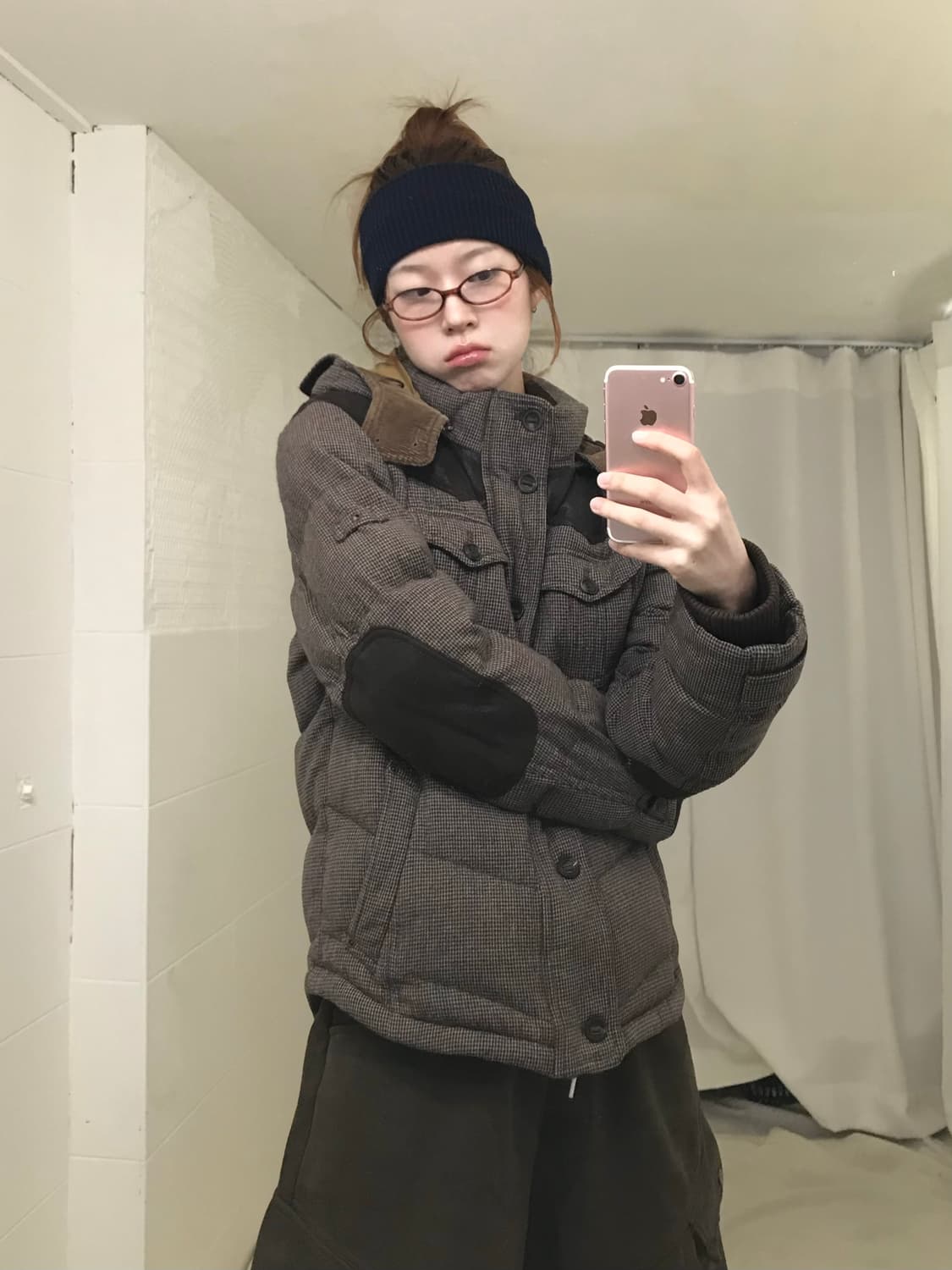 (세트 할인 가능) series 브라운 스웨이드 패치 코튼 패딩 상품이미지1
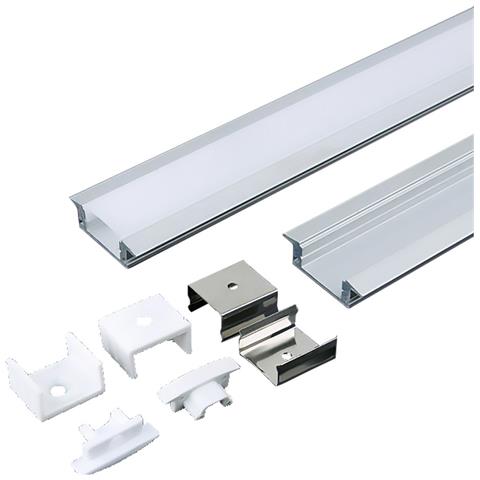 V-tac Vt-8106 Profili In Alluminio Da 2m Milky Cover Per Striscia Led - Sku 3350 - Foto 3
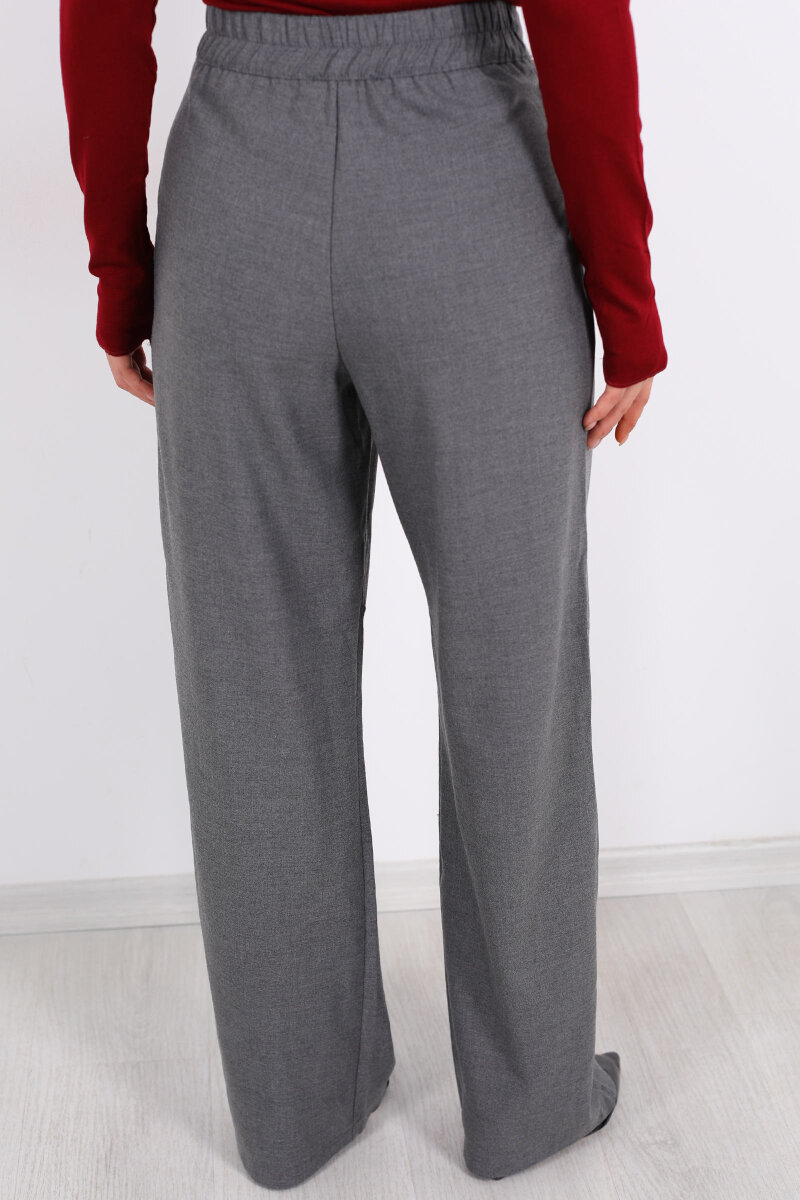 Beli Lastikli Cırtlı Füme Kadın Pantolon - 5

----------------

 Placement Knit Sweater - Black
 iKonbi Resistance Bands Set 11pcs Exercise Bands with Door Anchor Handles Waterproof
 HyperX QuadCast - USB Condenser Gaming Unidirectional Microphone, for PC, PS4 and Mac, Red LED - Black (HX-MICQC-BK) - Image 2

----------------

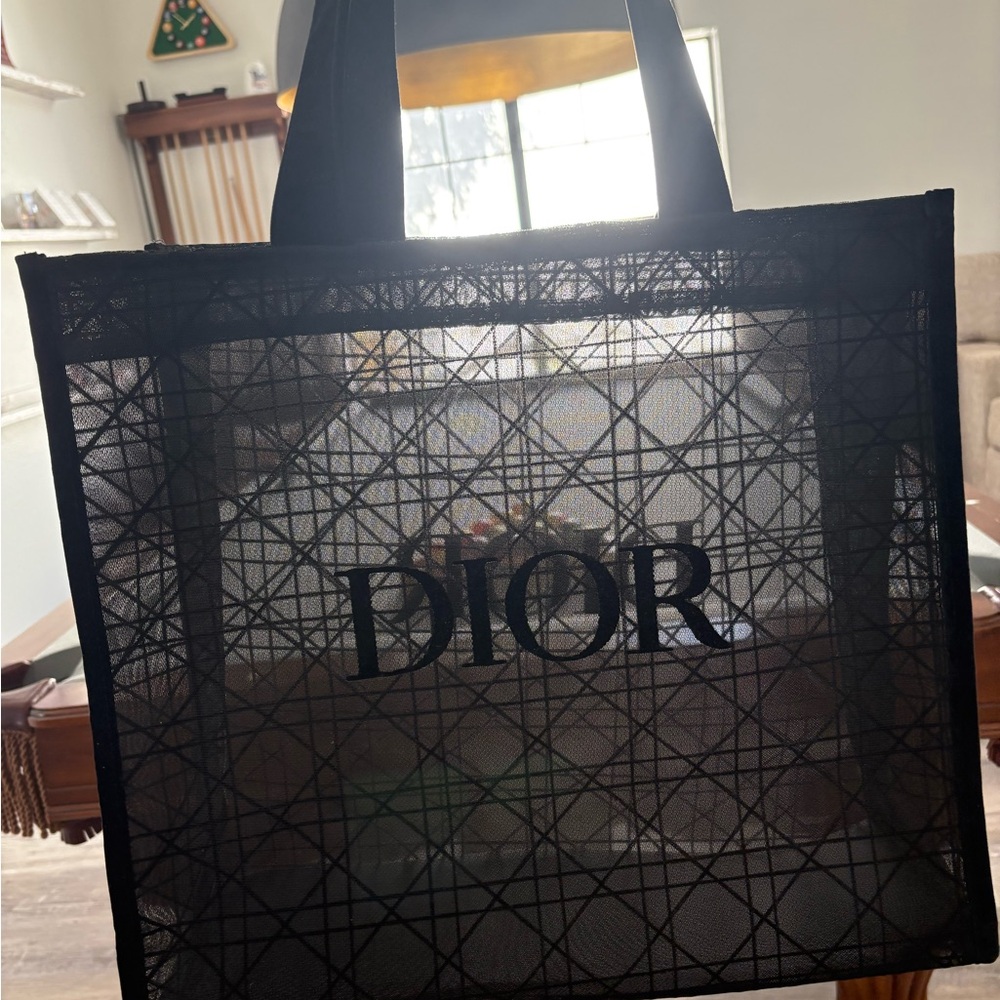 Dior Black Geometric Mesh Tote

----------------

## YOUR OBJECTIVE:
Look above for the line holding "iKonbi Resistance Bands", then set down exactly that line and every line after it up to and including the line holding "HyperX QuadCast - USB", with nothing else.

## OUTPUT BELOW:
 iKonbi Resistance Bands Set 11pcs Exercise Bands with Door Anchor Handles Waterproof
 HyperX QuadCast - USB Condenser Gaming Unidirectional Microphone, for PC, PS4 and Mac, Red LED - Black (HX-MICQC-BK) - Image 2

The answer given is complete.